### Information supplied
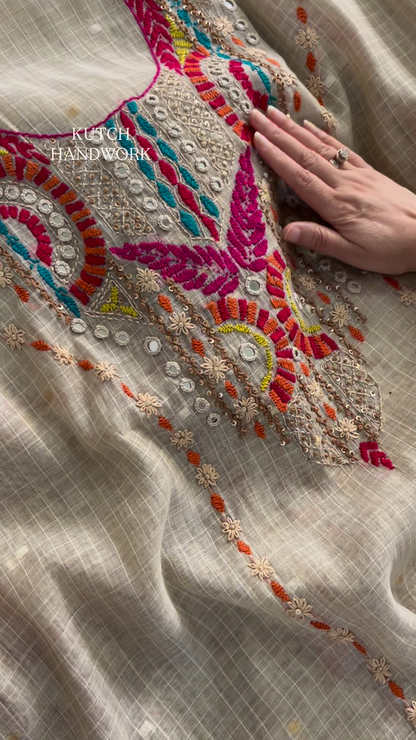 Kamdani Embellished Fabric with Multi-Colored Floral Border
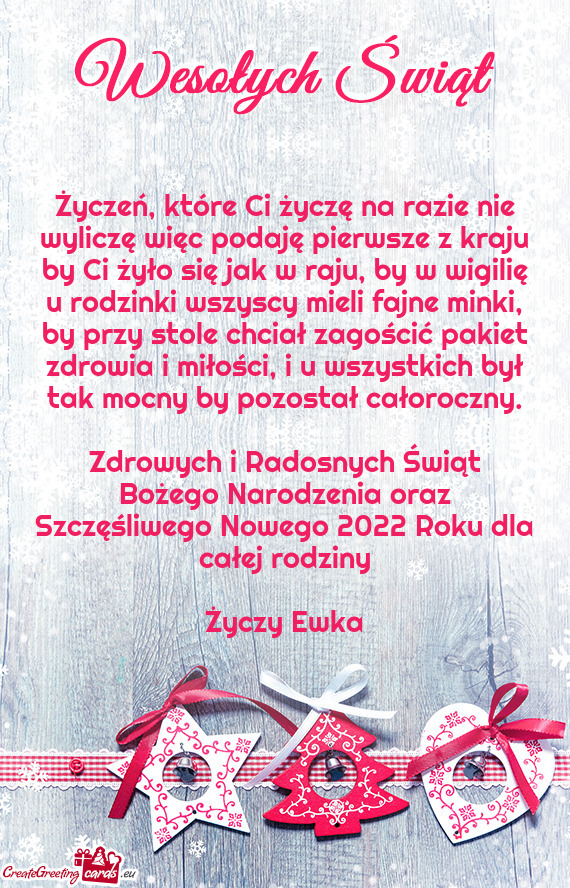 ?yczeń, które Ci życzę na razie nie wyliczę więc podaję pierwsze z kraju by Ci żyło się j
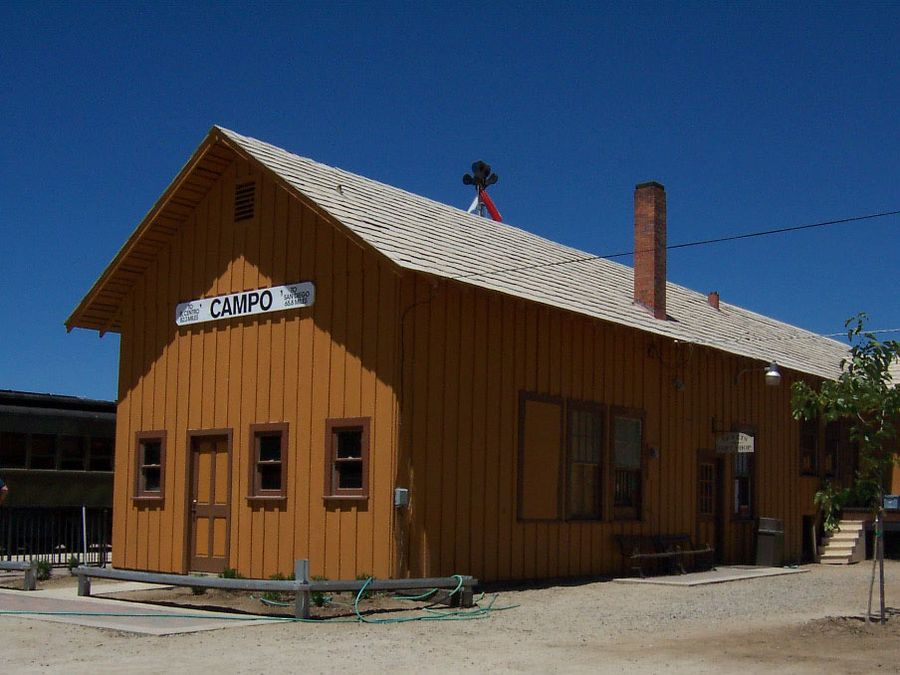 The historic Campo railway depot, home of the Pacific Southwest Railway Museum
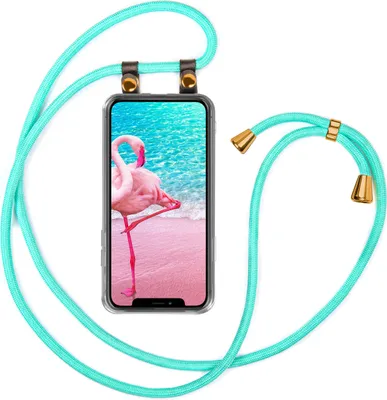 Produktbild von UMHÄNGEHÜLLE + KORDEL für iPhone X / iPhone Xs, Farbe:Mint Türkis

### To do
Output everything in the material exactly. Pictures stay out of it.

### Exercise answer
 Kamdani Embellished Fabric with Multi-Colored Floral Border
 ?yczeń, które Ci życzę na razie nie wyliczę więc podaję pierwsze z kraju by Ci żyło się j
 The historic Campo railway depot, home of the Pacific Southwest Railway Museum
 Produktbild von UMHÄNGEHÜLLE + KORDEL für iPhone X / iPhone Xs, Farbe:Mint Türkis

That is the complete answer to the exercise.